Review on Epidemiology of Peste des Petits Ruminants

Abstract

Peste des petits ruminants is an acute, contagious, and highly fatal viral disease that affects different animal species which is caused by Morbillivirus in the family Paramyxoviridae. The genome contains six transcription units encoding in sequential order, the Nucleocapsid (N) protein, the Phospho (P) protein, the Matrix (M) protein, the Fusion (F) protein, the Hemagglutinin (H) protein and the Large (L) protein. The virus exists as a single serotype but the genetic level is divided into four distinct lineages (I-IV) based on the Fusion (F) protein gene sequence. The disease occurs in Africa, in most of the Middle East, Arabian Peninsula, Europe and in parts of Asia including much of the Indian subcontinent. The disease is transmitted by the aerosol route during close contact between animals. The disease is characterized by high fever, ocular and nasal discharge, pneumonia and necrosis. Diagnosis can be made based on case history, geographical distribution, clinical signs, post-mortem lesions and laboratory confirmation by using various serological and molecular techniques. It has a significant economic impact on food security and livelihoods. There is no specific treatment for the disease. Control and prevention can be done through quarantine, movement control, cleaning and disinfection of infected premises and vaccination.

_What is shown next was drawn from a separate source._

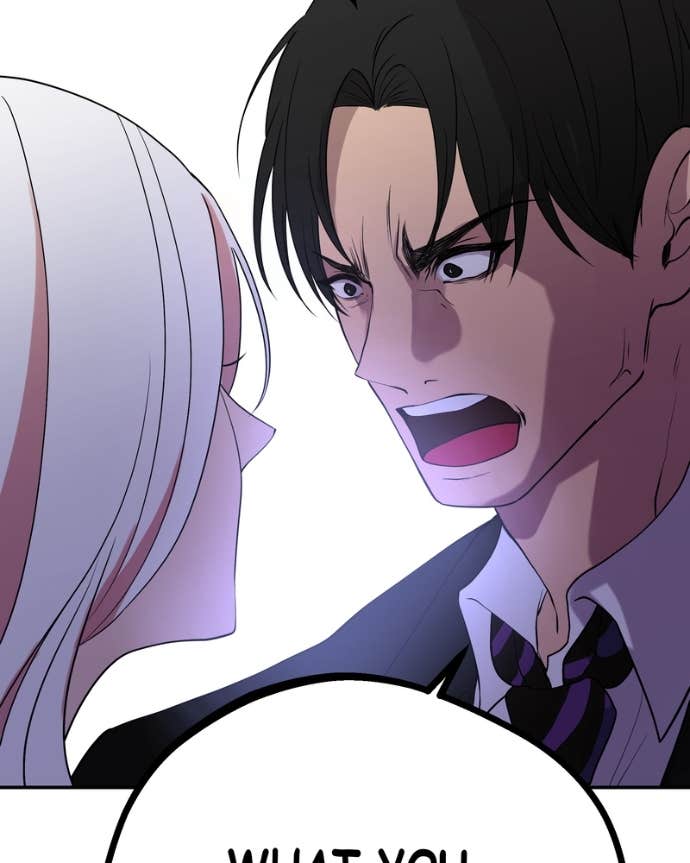 Read My Lovely Bodyguard ENGLISH Manga Online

Keywords: Peste des petits ruminants; Virus; Contagious; Review; Epidemiology

Introduction

A Peste des petits ruminants is an acute, contagious, and frequently fatal disease of Small ruminants, caused by a Morbillivirus of the family Paramyxoviridae [1,2]. Peste des Petits Ruminants (PPR) spreads quickly in susceptible ruminant species, and the highest number of outbreaks occurs in sheep and goats. Cattle, camels, pigs and several wild ruminants have been infected occasionally; however, there is no evidence to show that the disease is maintained in these populations without concurrent infection in sheep or goats [3]. Peste des Petits Ruminants Virus (PPRV) was first identified in Côte d’Ivoire, West Africa, in 1942, and it is currently believed to be endemic across much of West, Central, North and East Africa, the Middle East and Central, South and East Asia [4]. Four genetic lineages (Lineages I-IV) and a number of viral strains have been identified. Geographically, lineages I and II have been found predominantly in West and Central Africa, and lineage III has been found predominantly in East Africa and the Middle East [1]. Lineage IV is the main lineage found in Asia [5].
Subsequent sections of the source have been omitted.